Çünkü, her şeyden önce, Kur'an'da 'Tin' Sûresi'ndeki, 'Biz insanı en güzel şekilde halkettik, yarattık..' meâlindeki âyette anlatılan 'insan'ı aşağılamak için, başka yaratıklara benzetmek, kabul edilemez. Ama, -bizim niyetimiz her ne olursa olsun-; asıl olan, muhatapların ne anladığıdır. Bu açıdan, o ülkenin resmî adının son 50 seneyi aşkın bir zamandır 'Ethiopia' diye değiştirilmesinin sebebini yeni yeni anlıyorum..
Eğer bu isimlendirme gerçekten de o mânada kullanılıyorsa, Hz. Bilâl için kullandığımız ve yaşadığı coğrafyaya nisbet etmek için kullanılan aidiyet isim-sıfatını bir daha kullanmak istemem. Bu konuda daha sağlıklı bilgisi olanlar varsa, bilgi ve haber verirlerse müteşekkir olurum.
*
Evet, buradaki insanlar genelde, Habeşistan ismini hiç kullanmamış.. Bu diyarlara, çok eski zamanlarda; "Köleler diyarı" mânasına gelen 'Abyssinia' denilirmiş. Bugünkü ismi 'Etiyopya' ise, 'Yanık Tenliler diyarı" mânasında imiş..
Başka toplumların hakaretâmiz isimlendirmelerinden kurtulmak için, kendi halklarının çoğunun ten renginin çok siyah olmayıp, 'açık renkli çikolata' renginde olmasından olsa gerek ki, bu ismi tercih etmişler.. Yoksa, önceleri Afrika'nın ortasında, doğudan batıya bir orta şerit gibi uzanan bugünkü , Sûdan, Uganda, Kongo, Nijer ve Nijerya'yı içine alan büyük coğrafyanın adı da Arapça da, 'kara' demek olan 'sevde/esved'in çoğulu olan ve 'karalar ülkesi/diyarı ' mânasına gelen Sûdan /Sevedân idi. Ama o ülkelerin halkları fıtrat-i ilâhî'nin bu takdirine itaat etmişler, bu durumlarından bir rahatsızlık duymamışlar.

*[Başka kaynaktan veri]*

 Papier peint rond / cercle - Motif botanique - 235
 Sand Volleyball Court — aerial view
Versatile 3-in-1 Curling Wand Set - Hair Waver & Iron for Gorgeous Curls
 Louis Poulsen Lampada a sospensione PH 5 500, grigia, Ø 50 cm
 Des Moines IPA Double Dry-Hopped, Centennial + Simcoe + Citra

Ama, burada, sokaktaki yeni nesillerin 'beyaz' derililere bakışı, imrenmenin ötesinde, garip ve fakir insanların patronları karşısındaki ezik duruşlarını yansıtıyor gibi.. Beyaz bir kişinin elini onların omuzları üzerine atıp birlikte fotoğraf çektirmeyi kabul etmelerinden bile mutlu oluyorlar..
Doğrusu, bu durumdan, şahsen, bu kez daha bir acı duydum. Hele de, beyaz derili bir insan görünce, onun etrafını çeviren ve dilenen yığınla çocuk, ihtiyar ve kucağında çocuğu anneler tarafından kuşatılıyorsunuz..

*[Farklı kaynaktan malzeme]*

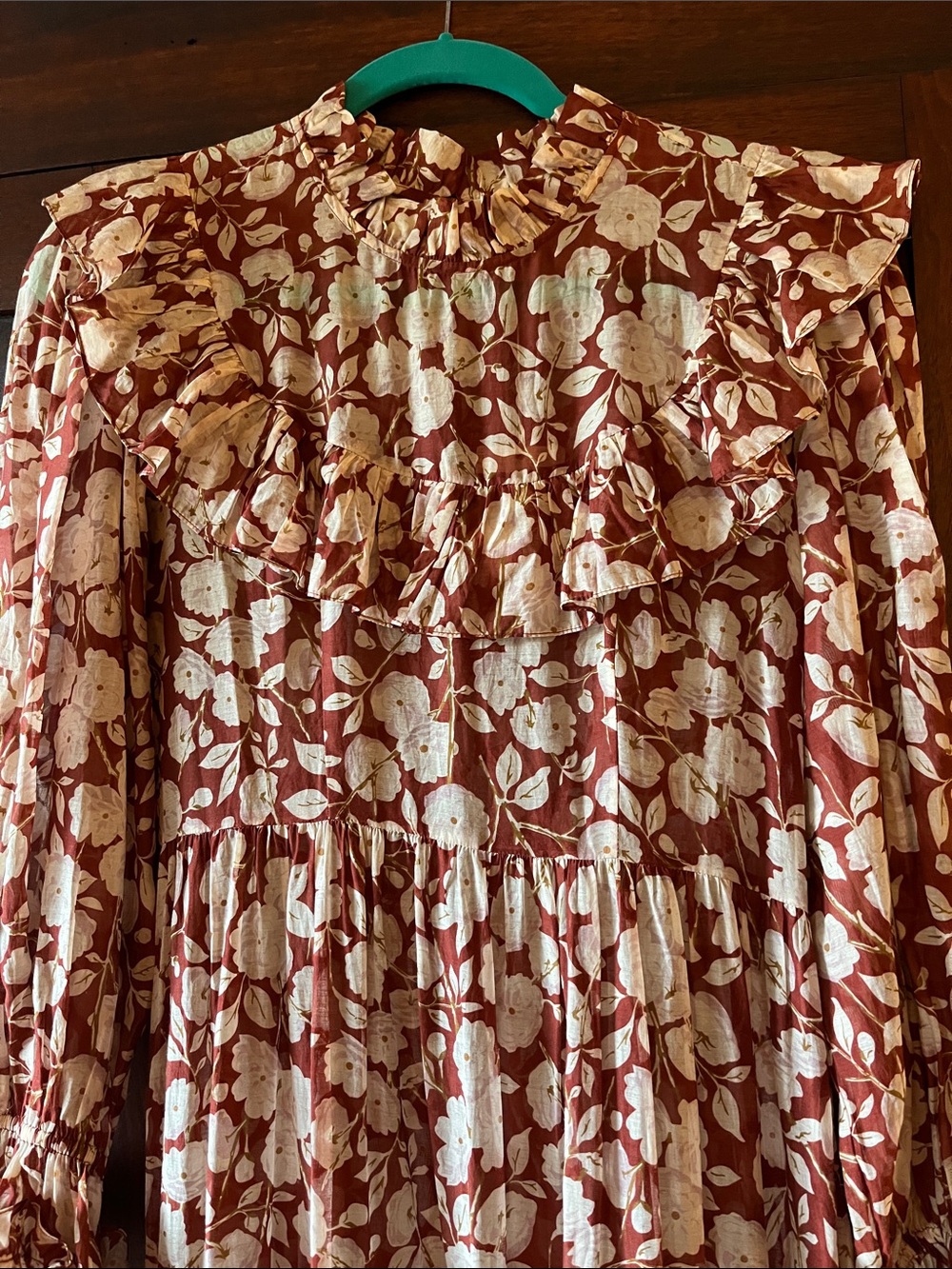 DOEN Caramel Dress - Ambridge Rose Red - NWT in XS - Picture 2 of 9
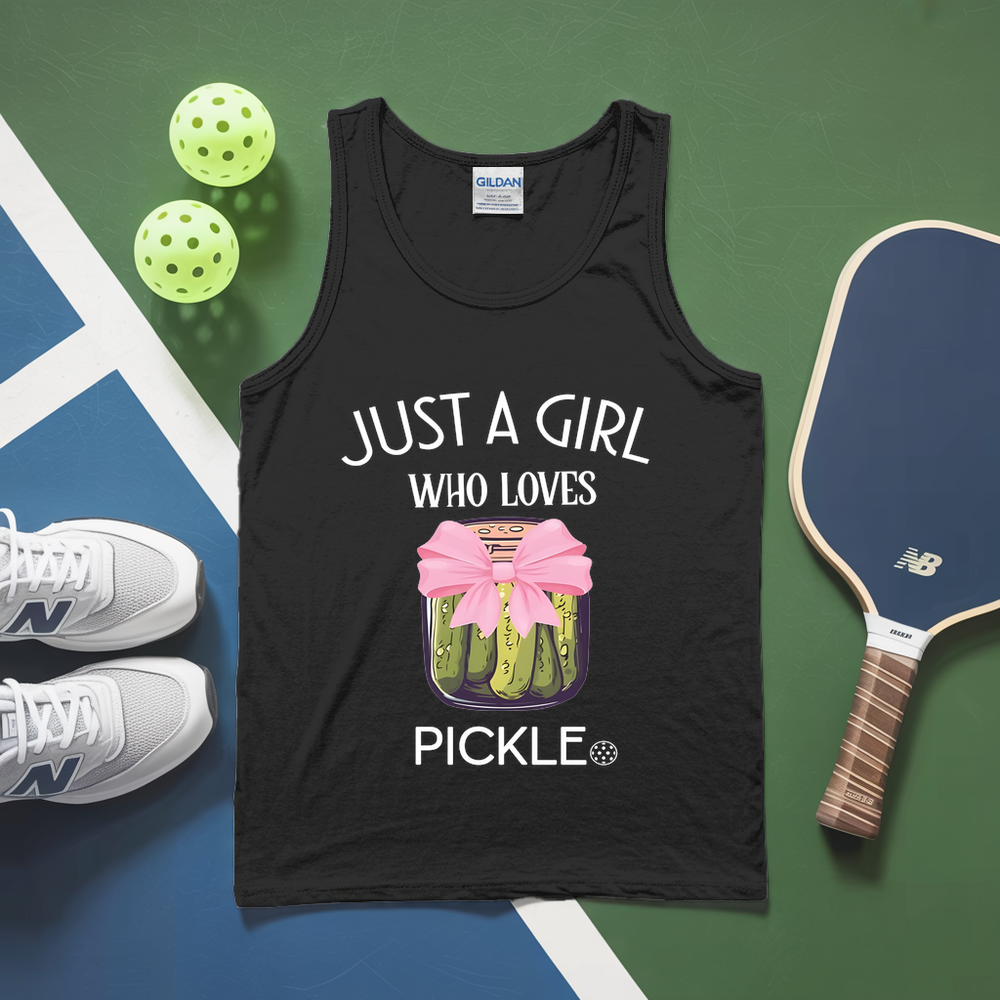 Just a Girl Who Loves Pickleballs v2 Tank Top - Picklechillz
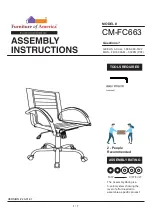 Furniture of America CM-FC663 Assembly Instructions Manual preview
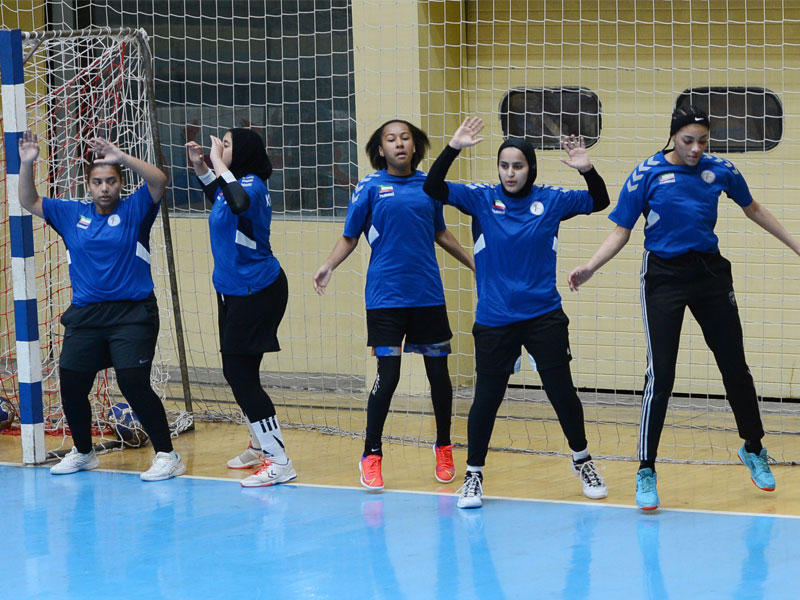 جانب من تدريب سابق لمنتخب سيدات اليد 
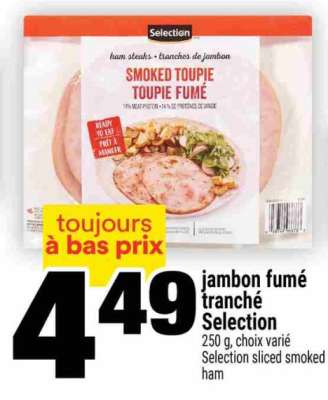 jambon fumé tranché Selection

Çetin bir problem.. Ve öte tarafta ise, 50 ve 70 katlı gökdelenler, birbirleriyle yarıştalar..
*
Afrika'nın en kalabalık ikinci ülkesi olan Etiyopya, 1.104.000 km. karelik yüzölçümüne sahip ve nüfusunun da 125 milyon olduğu söylenmektedir. Nüfusun 50 milyon kadarının Müslüman, 50 milyon kadarının da ekseriyeti Ortodoks, bir bölümünün de Protestan ve Katolik Hristiyan, 25 milyon kadarının da Afrika'daki mahallî kabile dinlerine mensup olduğu bildiriliyor.. 'Falaşa' denilen bir küçük Yahudi Cemaati de varmış, ve onların büyük bir kısmı 30-35 yıl öncelerde Siyonist İsrail rejimine getirilmiş, ama, orada, 'Siyah Yahudi mi olur?' gibi ırkçı yaklaşımlarla dışlanıp, genelde askerlik ve temizlik işleri gibi alanlarda istihdam edilince , geri de dönememişler ve dünyanın başka yerlerine gitmişler; diğerleri de kabile dinleri..

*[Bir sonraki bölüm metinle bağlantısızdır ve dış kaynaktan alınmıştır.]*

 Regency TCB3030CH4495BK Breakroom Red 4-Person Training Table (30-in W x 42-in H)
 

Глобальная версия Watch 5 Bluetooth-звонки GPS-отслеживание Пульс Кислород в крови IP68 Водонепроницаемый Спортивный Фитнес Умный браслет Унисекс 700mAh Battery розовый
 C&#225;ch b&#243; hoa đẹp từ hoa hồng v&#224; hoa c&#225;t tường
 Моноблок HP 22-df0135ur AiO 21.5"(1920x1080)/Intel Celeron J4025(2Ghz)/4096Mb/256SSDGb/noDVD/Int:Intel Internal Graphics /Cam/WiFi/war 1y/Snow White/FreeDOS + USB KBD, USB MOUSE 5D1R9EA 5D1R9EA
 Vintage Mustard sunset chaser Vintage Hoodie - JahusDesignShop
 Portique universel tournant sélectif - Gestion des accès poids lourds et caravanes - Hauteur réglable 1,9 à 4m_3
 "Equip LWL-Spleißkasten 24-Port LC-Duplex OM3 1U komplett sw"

Etiyopya Ortodoks Kilisesi de, İskenderiye ve Ermeni Ortodoks kiliseleri gibi, Patrikliğe bağlı olmayan, bağımsız kiliselerden sayılmaktadır.
*
(Bu arada, bir noktaya da değinmeliyim.
Asıl adı Makonnen Wolde Mikael olup, 1916'dan 1930'a kadar Etiyopya'nın İmparator naibi ve 1930'dan 1974'e kadar da Etiyopya İmparatoru olan Haile Selasiye'nin, Hz. Süleyman Peygamber ve Saba Melikesi Belkıs (Bilqays)'e kadar uzanan bir hanedanın mirasçısı olduğuna inanılıyordu..
İkinci Dünya Savaşı öncesi ve esnâsında inde okudukları 1935-45 arasında Mussolini İtalyası tarafından işgal edildiğini de hatırlayalım.. İtalya savaştan yenik çıkınca, Etiyopya da işgalden kurtuldu..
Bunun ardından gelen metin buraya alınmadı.